The critical skill of interpreting buyer insights is needed to achieve actionable outcomes
A common thread in the many executive-level conversations and interviews I have had in the last twenty years is that of a lack of insights. Specifically, a lack of insights into their buyers and customers. The lack of buyer insights is consistently identified as a top challenge in any of the numerous C-Suite surveying as well.
As we enter a pronounced era of uncertainty, decisions related to investments, strategies, markets, and the likes have intensified. Many of you know the feeling. When you are faced with a major decision, be it personal or business in nature, you want all the information you can get. You are looking to make an informed decision. With such a high degree of uncertainty in today’s business climate, the temperature on major decisions has gone up a few degrees.
Oftentimes, I find myself reminding executives that gathering insights is just one leg of a three-legged stool associated with buyer insights. A second leg, even more challenging, is the art and science of interpreting insights. The ability to distill insights into meaningful strategies and interactions with buyers and customers is what most leaders and organizations find challenging.
A case in point. In a recent coaching conversation, I talked with an executive who invested a substantial amount in buyer personas. She lamented that she did not feel she got any new insights to help her. After we reviewed what she received from a third party, she boiled it down to feeling she received a rehash of information they already knew and was easy to get. In this worst-case scenario, she not only did not get any meaningful insights but she also was left with nothing to interpret. Nothing to help her to make informed major decisions she was faced with. She was left with a one-legged stool and a broken leg at that.
The third leg is that of the buyer persona itself. There is usually a refrain when the shortcomings are obvious that goes something like – “our buyer personas are not actionable.” When I hear this and ultimately review the buyer personas, I find the lack of insights to be significant. Buyer personas are a medium to communicate insights. To get the enterprise clicking in unison on best serving its buyers and customers.

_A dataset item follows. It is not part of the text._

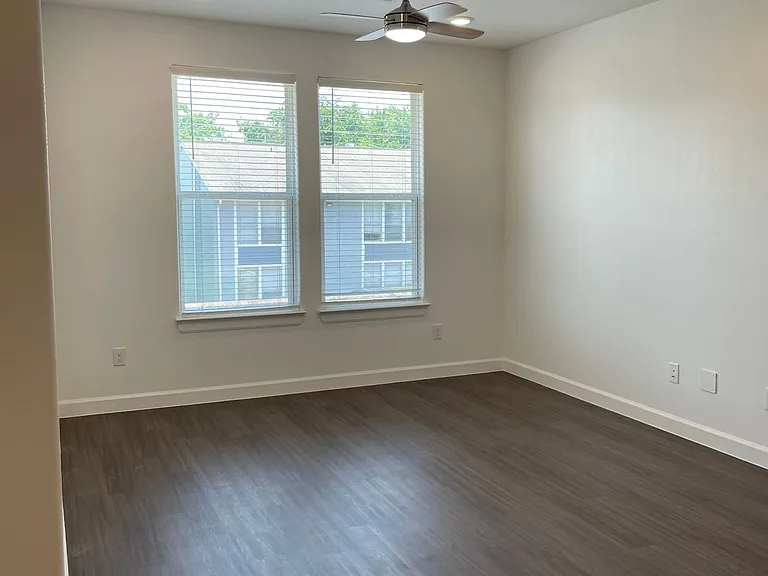Ashley Crest — Photo 19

The point here is that essential to buyer insights, then, is the important matter of interpretation. Business leadership requires such skills to solve pressing problems and help achieve growth. This is such a critical point regarding the importance of buyer insights research and buyer personas.
Let us recap the three-legged stool analogy briefly:
Leg 1 – Gather buyer insights
Leg 2 – Interpret buyer insights
Leg 3 – Communicate buyer insights (via buyer personas)
The second leg, the matter of interpretation, is the key to making buyer insights and buyer personas actionable. This leadership skill is what will separate companies that can or cannot connect with their buyers and customers.
If leaders in business operations, marketing, and sales do not develop the acumen to interpret buyer insights, they will be left holding up a broken three-legged stool with two legs missing.